The Olympics’ first 10 days were marked by protests during the time of the Opening Ceremony, repression of free speech in the stadia, and police incursions in favelas near the main highways in Rio, where at least 10 people died in the operations. In the communities evicted to make way for the Olympics and for real estate speculation those who remain continue to try and fight for visibility, including in Vila Autódromo, right next to the Olympics media center. We documented many of these using our Timeline and a series of Deepstream pages on the site.

 

"Alternative Rio Live" Timeline of Rights Violations During the Rio Olympics
“Alternative Rio Live” Timeline of Rights Violations During the Rio Olympics

Upcoming Livestreams from Rio

This weekend will be a busy one for both projects as we prepare for the Summer Olympics Closing Ceremony and a series of public actions.

 

On Saturday we will be alongside favela residents as they launch the #FomeDeViver campaign to call for an immediate halt to the violent police operations in favelas, the suspension of the use of the “caveirões” (armored vehicles), reparation for the damages and justice for the families of those killed in police operations.

 

And on Sunday we’ll be streaming live from Copacabana beach as the residents of Favela Skol occupy a stretch of sand opposite the iconic Belmond Copacabana Palace to call public attention to the state’s failure to rehouse them.

 

In both cases we’ll be using a range of livestreaming tools to bring you experientially closer to what is happening – multi-camera livestreams, we’ll be testing out a 360 live video, and contextual curation on Deepstream.
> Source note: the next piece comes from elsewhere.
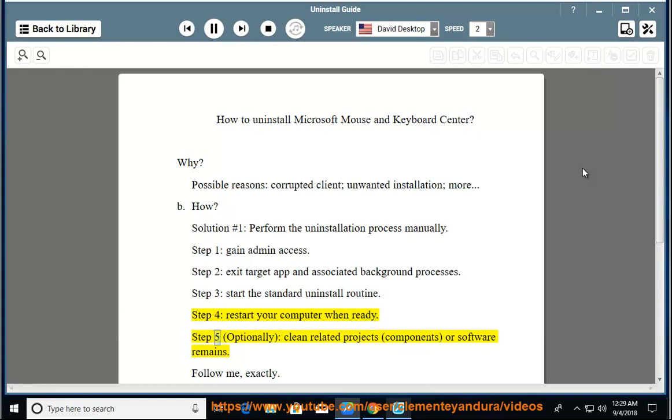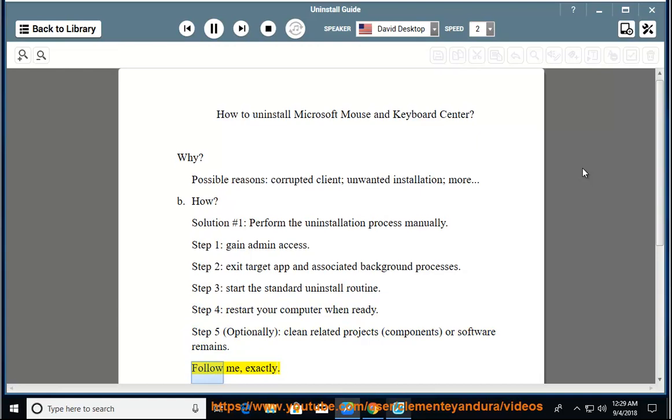Step five: optionally clean related projects, components, or software remains. Follow me exactly.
And more importantly, we’ll be asking you to join these frontline activist community in order to ^makevisible and ^bepresent with them in their struggles. We’ll be asking people to share the streams widely, to try to push up the viewer count that we will be showing on-site, and to respond to specific requests from these activists in terms of petitioning and public attention. On live.witness.org and on Mutirao television we’ll be experimenting with live curation of multiple streams, of streams with context (such as links, videos, photos, maps and curators’ notes) on Deepstream,  and we’ll be continuing to maintain our Timeline of key social media and eyewitness account of rights violations.

 

Finally, if you haven’t yet seen it check out our collaboration with the Mutirao 2016, a collective of Latin American media activists (first sparked by conversations at the Latin America Video4Change convening in 2015) which is running live radio and TV from Rio every day. You can see my colleague Jackie’s latest Dispatch from Rio here with more detail on their activities!

 

Update August 23, 2016: Over the weekend we livestreamed a surprise protest at the heart of the Olympic Boulevard, where young favela residents who were participating in the #FomeDeViver campaign around increased police violence in their communities, unfurled a banner just after Brazil clinched the soccer Olympics Gold Medal on the big screen. We engaged remote viewers with clarifying commentary and calls to ^MAKEVISIBLE and share further.

 

We’re also continuing to build a storytelling arc around the evicted community of Favela Skol, whose ^CONTEXT we shared in the livestreams above. Their occupation of Copacabana beach was postponed due to heavy rain but we’re planning on supporting them, and trying out a range of our Mobil-Eyes Us tools, in similar events leading up to a public hearing on August 31st.